Tais candidaturas seriam atentatórias ao Estado de Direito
se, como os nossos partidos, fossem sustentadas pelo Estado à revelia do que
pensam delas os eleitores. Posta num contexto histórico então essa condenação
emparelha, em matéria de anacronismo, com a afirmação em pleno terceiro milênio
de que a Terra é plana e o resto do Universo é que gira em torno dela.
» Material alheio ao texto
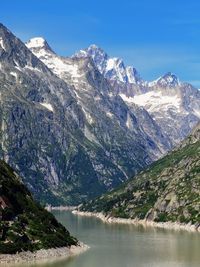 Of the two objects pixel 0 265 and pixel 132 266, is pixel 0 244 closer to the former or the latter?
pixel 0 265

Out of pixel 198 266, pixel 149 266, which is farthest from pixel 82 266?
pixel 198 266

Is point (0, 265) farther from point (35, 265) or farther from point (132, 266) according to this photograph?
point (132, 266)

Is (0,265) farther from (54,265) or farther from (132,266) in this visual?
(132,266)

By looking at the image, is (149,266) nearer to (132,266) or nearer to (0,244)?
(132,266)

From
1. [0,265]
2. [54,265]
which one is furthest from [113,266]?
[0,265]

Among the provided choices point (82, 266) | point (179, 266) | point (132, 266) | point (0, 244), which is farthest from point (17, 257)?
point (179, 266)

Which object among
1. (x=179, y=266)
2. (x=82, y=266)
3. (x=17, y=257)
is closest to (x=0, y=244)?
(x=17, y=257)

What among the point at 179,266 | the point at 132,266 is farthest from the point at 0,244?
the point at 179,266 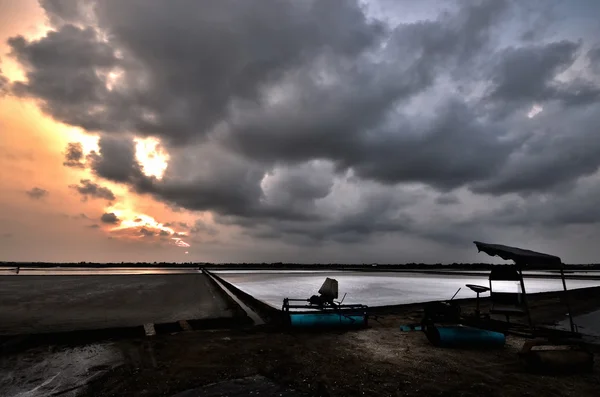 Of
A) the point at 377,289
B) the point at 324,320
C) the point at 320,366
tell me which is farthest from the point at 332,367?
the point at 377,289

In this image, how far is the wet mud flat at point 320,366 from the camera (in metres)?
7.43

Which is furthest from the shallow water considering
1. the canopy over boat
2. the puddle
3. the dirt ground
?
the canopy over boat

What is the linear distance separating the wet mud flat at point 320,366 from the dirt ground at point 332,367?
0.03 metres

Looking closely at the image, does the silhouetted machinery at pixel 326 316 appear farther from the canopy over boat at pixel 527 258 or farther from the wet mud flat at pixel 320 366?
the canopy over boat at pixel 527 258

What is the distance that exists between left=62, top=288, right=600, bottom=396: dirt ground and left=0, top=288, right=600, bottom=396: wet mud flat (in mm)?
26

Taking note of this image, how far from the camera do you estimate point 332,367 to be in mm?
8945

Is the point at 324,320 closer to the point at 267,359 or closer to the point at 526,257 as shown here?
the point at 267,359

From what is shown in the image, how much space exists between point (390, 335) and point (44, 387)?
1158 centimetres

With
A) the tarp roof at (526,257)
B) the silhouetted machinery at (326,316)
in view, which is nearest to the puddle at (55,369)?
the silhouetted machinery at (326,316)

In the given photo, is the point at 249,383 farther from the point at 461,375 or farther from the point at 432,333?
the point at 432,333

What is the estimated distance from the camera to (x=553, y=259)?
1150 cm

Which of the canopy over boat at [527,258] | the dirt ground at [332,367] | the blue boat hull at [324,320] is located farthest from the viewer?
the blue boat hull at [324,320]

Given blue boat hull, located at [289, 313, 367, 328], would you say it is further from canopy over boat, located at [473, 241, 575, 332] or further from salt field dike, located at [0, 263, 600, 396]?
canopy over boat, located at [473, 241, 575, 332]

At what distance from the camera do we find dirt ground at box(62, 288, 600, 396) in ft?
24.3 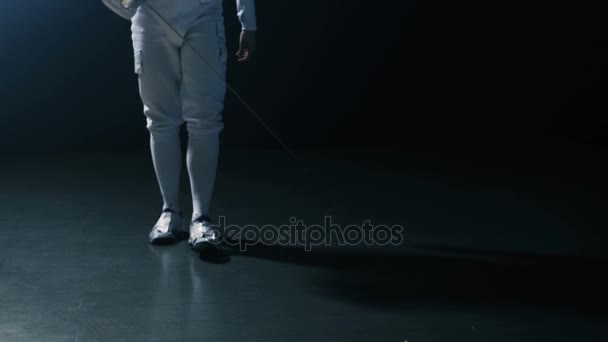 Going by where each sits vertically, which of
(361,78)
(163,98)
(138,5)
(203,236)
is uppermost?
(138,5)

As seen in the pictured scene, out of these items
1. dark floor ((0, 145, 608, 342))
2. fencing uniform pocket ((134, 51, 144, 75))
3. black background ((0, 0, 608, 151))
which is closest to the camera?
dark floor ((0, 145, 608, 342))

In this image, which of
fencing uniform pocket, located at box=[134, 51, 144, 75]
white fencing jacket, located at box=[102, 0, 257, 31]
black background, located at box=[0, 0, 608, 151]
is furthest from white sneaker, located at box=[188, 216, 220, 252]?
black background, located at box=[0, 0, 608, 151]

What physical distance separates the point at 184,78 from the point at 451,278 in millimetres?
→ 1019

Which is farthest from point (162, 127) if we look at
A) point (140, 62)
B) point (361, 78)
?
point (361, 78)

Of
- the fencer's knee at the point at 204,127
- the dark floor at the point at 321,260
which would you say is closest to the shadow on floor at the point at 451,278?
the dark floor at the point at 321,260

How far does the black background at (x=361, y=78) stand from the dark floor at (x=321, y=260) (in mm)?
438

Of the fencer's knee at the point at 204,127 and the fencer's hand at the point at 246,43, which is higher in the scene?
the fencer's hand at the point at 246,43

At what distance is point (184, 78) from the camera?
260 centimetres

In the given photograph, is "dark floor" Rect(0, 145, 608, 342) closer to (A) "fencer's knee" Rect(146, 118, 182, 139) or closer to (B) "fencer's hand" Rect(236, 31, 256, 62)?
(A) "fencer's knee" Rect(146, 118, 182, 139)

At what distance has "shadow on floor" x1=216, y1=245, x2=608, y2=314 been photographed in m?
2.20

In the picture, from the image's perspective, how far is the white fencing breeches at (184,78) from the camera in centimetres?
256

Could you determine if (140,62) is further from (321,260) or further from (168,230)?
(321,260)

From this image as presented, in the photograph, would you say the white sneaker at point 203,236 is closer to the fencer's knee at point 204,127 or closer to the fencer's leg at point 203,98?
the fencer's leg at point 203,98

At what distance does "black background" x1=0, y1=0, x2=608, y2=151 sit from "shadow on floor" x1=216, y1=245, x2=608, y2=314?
1.94 m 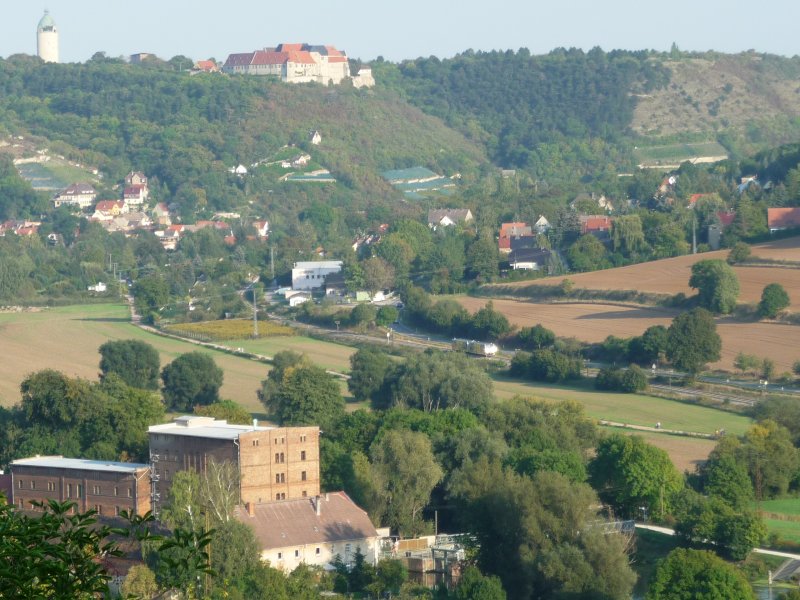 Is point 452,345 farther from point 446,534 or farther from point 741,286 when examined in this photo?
point 446,534

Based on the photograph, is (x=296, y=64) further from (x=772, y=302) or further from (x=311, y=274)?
(x=772, y=302)

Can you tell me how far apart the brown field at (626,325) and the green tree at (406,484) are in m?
16.7

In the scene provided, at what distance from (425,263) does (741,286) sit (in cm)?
1678

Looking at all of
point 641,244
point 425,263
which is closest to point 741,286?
point 641,244

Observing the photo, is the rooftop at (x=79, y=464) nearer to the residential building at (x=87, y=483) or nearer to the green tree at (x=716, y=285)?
the residential building at (x=87, y=483)

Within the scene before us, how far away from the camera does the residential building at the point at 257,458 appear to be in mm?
29453

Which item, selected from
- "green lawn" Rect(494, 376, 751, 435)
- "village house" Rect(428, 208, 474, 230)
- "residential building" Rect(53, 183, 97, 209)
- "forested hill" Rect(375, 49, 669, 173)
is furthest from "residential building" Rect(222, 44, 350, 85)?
"green lawn" Rect(494, 376, 751, 435)

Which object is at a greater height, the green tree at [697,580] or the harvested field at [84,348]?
the green tree at [697,580]

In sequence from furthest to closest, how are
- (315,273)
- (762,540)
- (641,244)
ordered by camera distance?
1. (315,273)
2. (641,244)
3. (762,540)

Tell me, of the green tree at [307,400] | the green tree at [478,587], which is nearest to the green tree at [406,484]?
the green tree at [478,587]

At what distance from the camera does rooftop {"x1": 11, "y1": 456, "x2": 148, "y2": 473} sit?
29844 millimetres

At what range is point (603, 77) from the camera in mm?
144000

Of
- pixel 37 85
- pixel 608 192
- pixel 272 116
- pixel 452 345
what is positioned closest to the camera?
pixel 452 345

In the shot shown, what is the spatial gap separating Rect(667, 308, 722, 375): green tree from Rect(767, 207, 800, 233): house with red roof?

Afinal,
a própria Constituição de 88 confessa seu dolo “ao exigir filiação partidária e
fazer depender o exercício do direito de se candidatar de uma aceitação prévia
de seus pares”, e não da aceitação prévia dos eleitores, como acontece em todas
as democracias sem aspas, que não apenas aceitam e incentivam candidaturas
avulsas independentes, como também, para prevenir a apropriação indébita da
vontade do povo, da qual todo poder emana, impõem aos partidos regras internas
permeáveis de apresentação de candidaturas a serem decididas em eleições
prévias diretas.
A cura do Brasil, assim como historicamente se deu com
outras democracias que se curaram antes da nossa, passa necessariamente pela
instituição de eleições distritais puras, as únicas a proverem uma
identificação à prova de falsificações entre representantes e representados,
pela aceitação de toda e qualquer candidatura que o povo chancelar, pela
despartidarização completa das eleições municipais, tanto porque não faz
sentido misturar ideologia com a gestão técnica da infraestrutura das cidades
quanto para encurtar o espaço dos proprietários de partidos políticos, pela
imposição de primárias diretas das eleições estaduais para cima e, finalmente,
pela instituição dos direitos de recall, referendo e iniciativa legislativa
para os eleitores manterem seus representantes sob rédea.
Isto porque – é claro como o sol! – democracia existe quando
é o povo quem manda. Na outra ponta estão as venezuelas e as cubas da vida. E
no meio, isto é, no nada, boia o Brasil junto com outros náufragos.”